======== RECORDS SHOWN ========

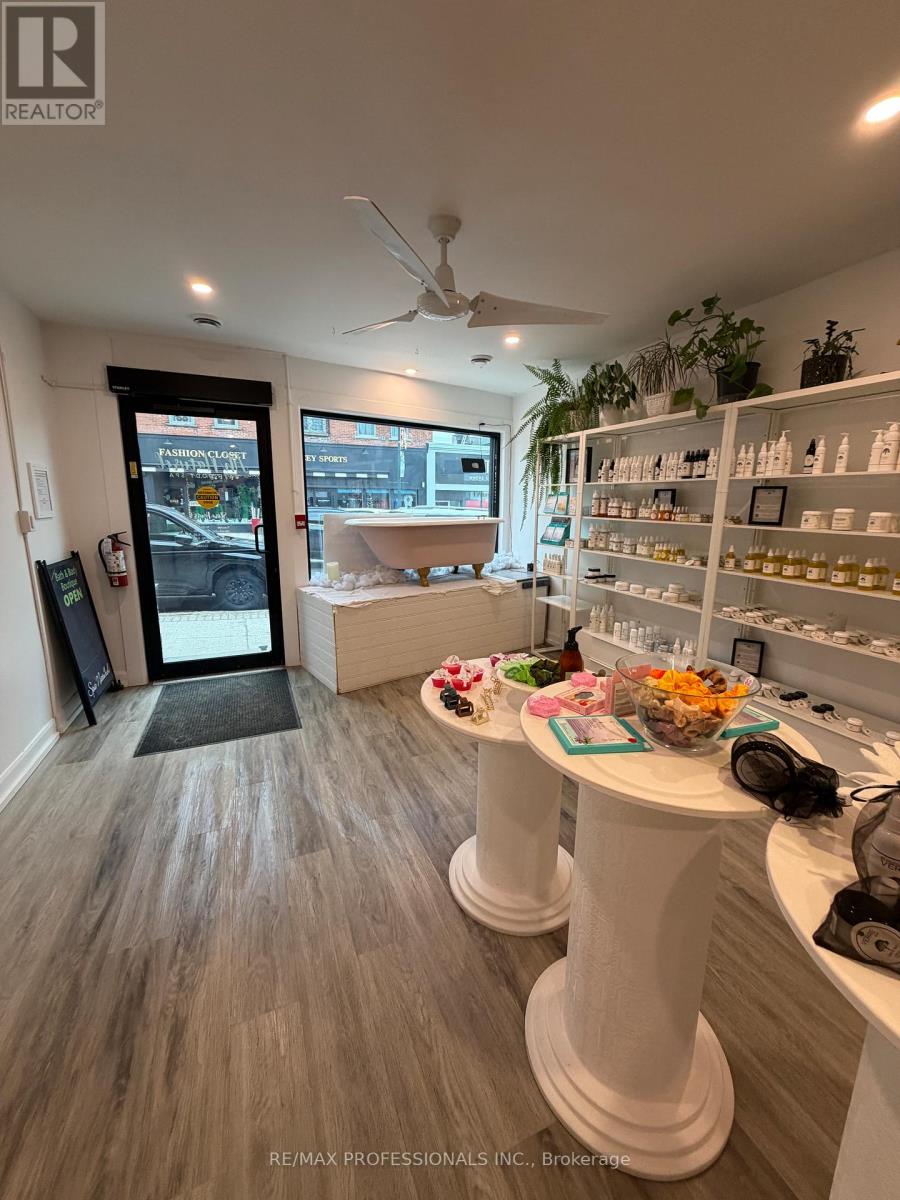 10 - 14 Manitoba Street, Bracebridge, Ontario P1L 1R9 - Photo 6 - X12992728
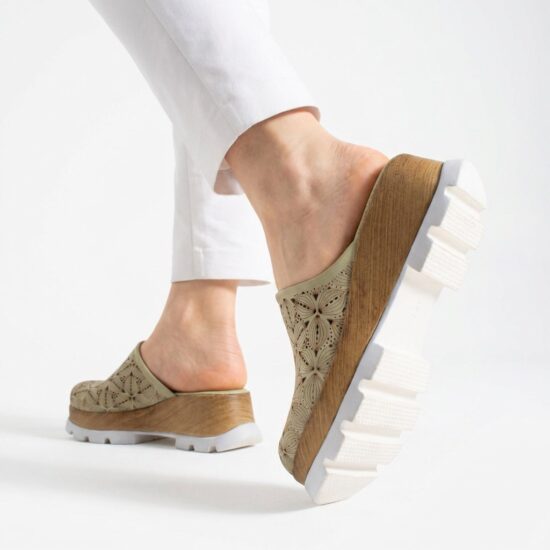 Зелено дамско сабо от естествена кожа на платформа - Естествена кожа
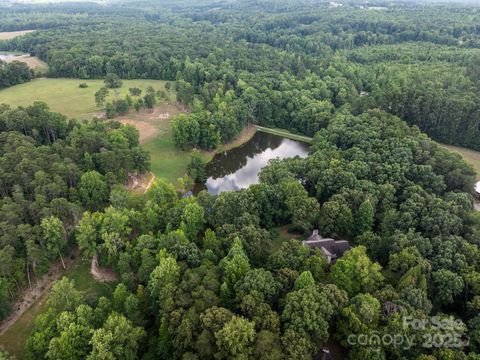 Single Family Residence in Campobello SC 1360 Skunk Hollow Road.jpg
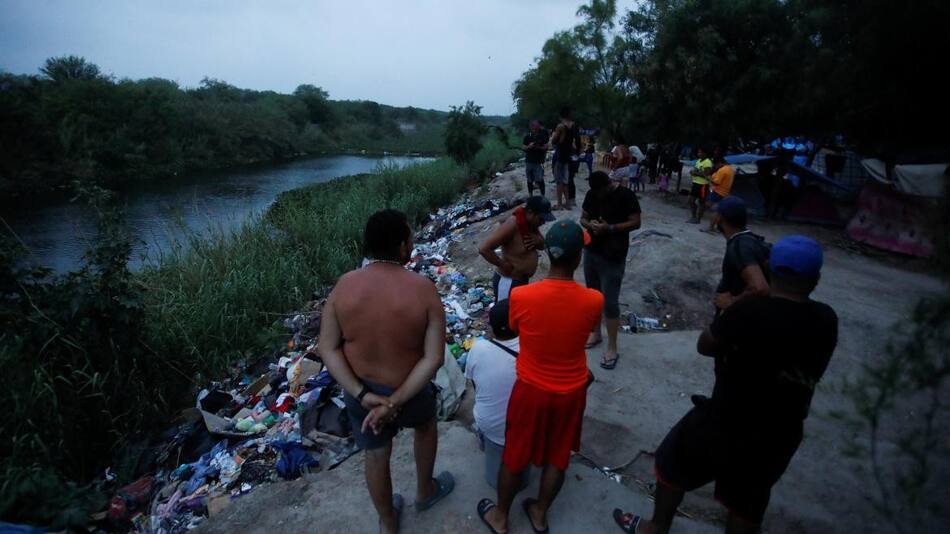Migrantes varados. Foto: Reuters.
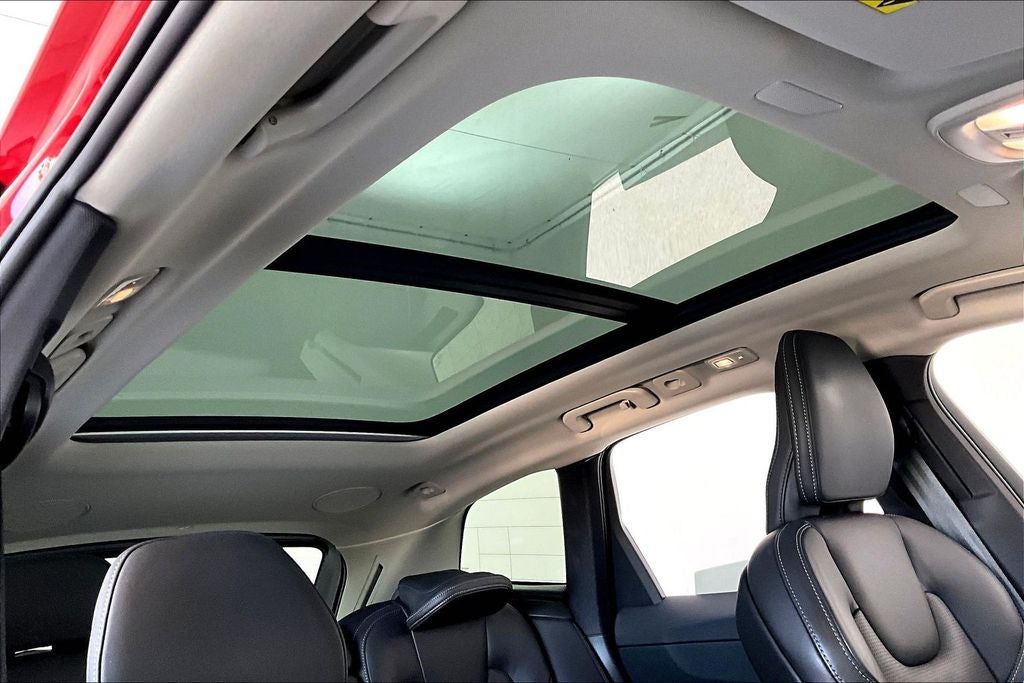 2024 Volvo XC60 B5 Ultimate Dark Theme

========
======== RECORDS SHOWN ========

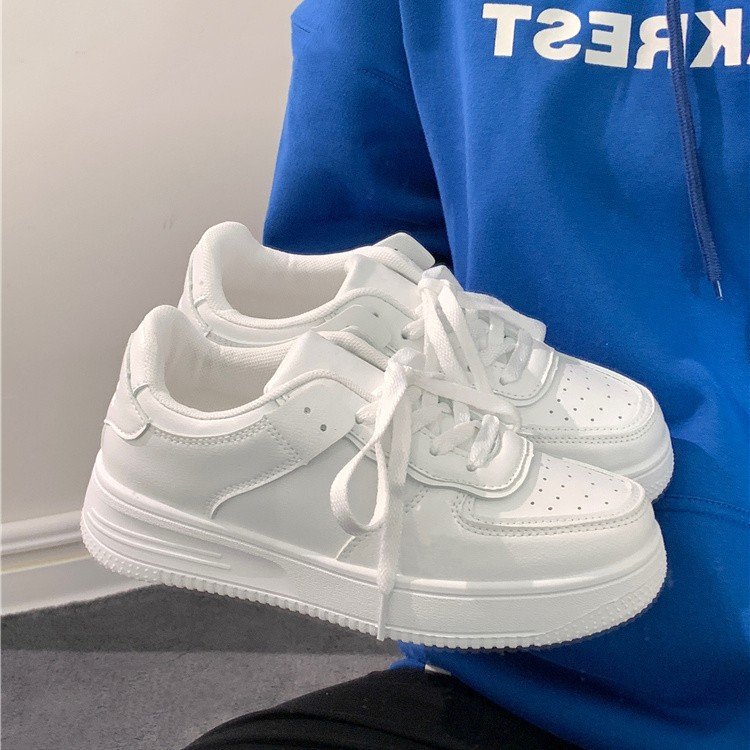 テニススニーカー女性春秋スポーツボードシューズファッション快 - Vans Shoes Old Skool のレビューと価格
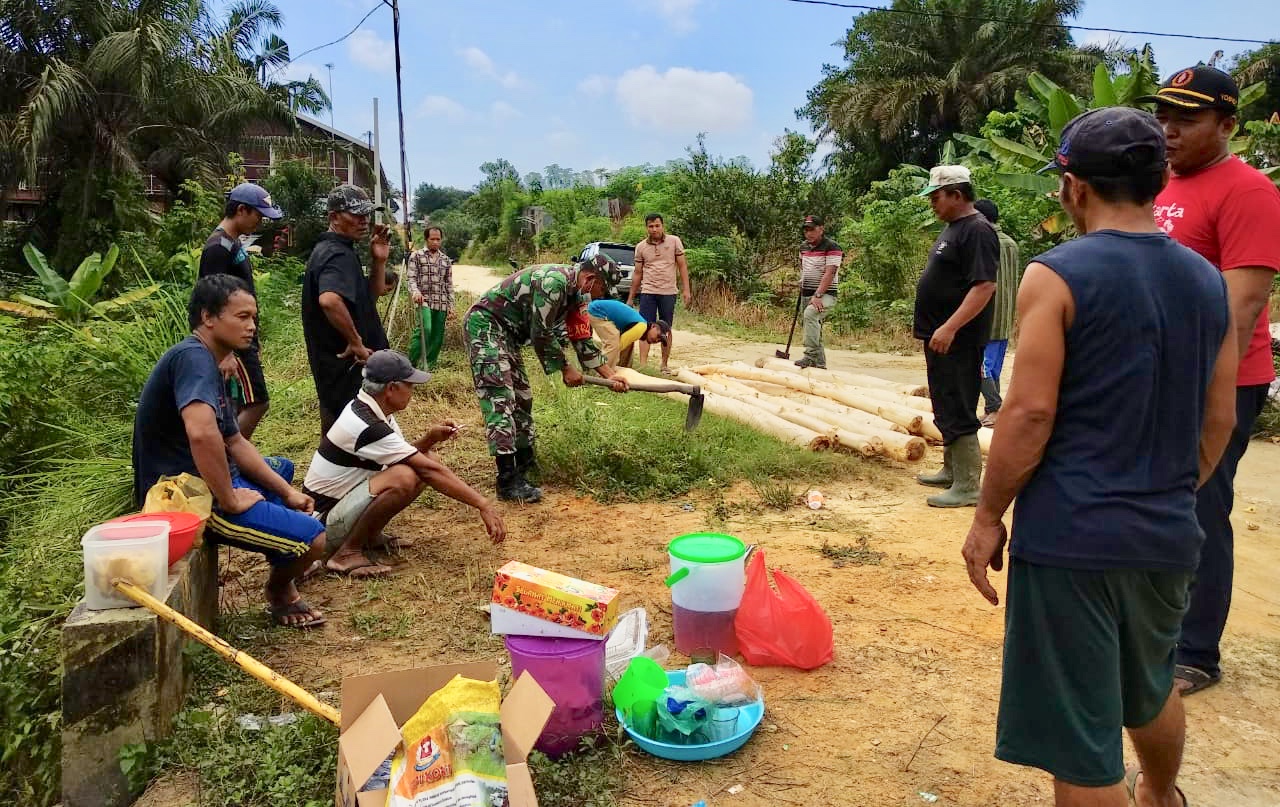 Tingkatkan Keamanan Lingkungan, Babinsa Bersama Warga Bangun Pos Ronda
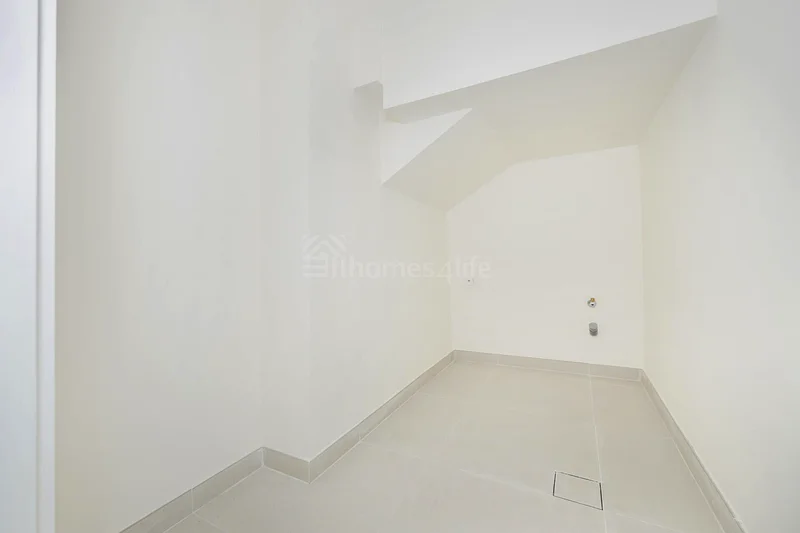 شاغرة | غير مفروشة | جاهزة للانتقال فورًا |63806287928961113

========
======== RECORDS SHOWN ========

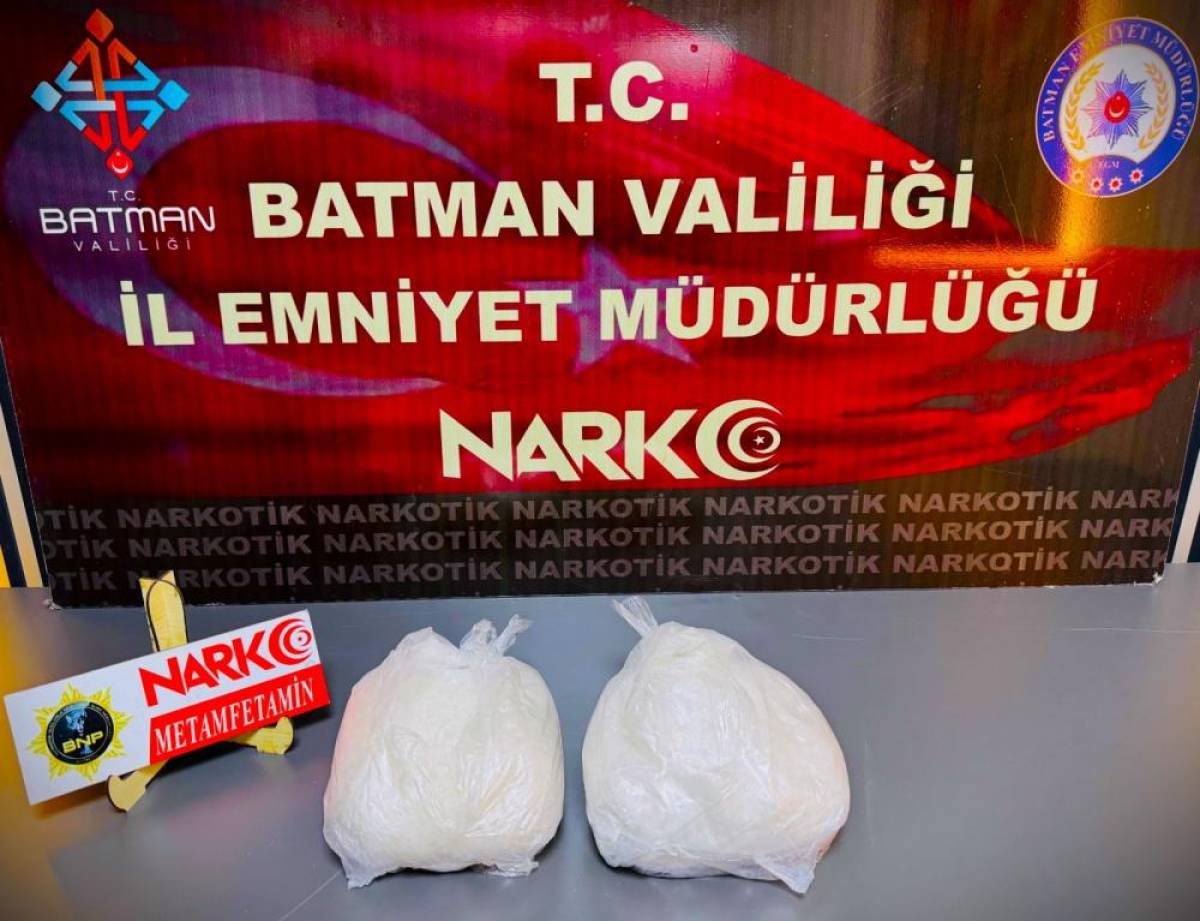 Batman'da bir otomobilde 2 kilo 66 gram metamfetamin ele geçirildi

========

Those lines of the records above that run from the one containing "10 - 14 Manitoba" through the one containing "2024 Volvo XC60 B5 Ultimate Dark Theme" should be returned exactly, with no pictures among them.

 10 - 14 Manitoba Street, Bracebridge, Ontario P1L 1R9 - Photo 6 - X12992728
 Зелено дамско сабо от естествена кожа на платформа - Естествена кожа
 Single Family Residence in Campobello SC 1360 Skunk Hollow Road.jpg
Migrantes varados. Foto: Reuters.
 2024 Volvo XC60 B5 Ultimate Dark Theme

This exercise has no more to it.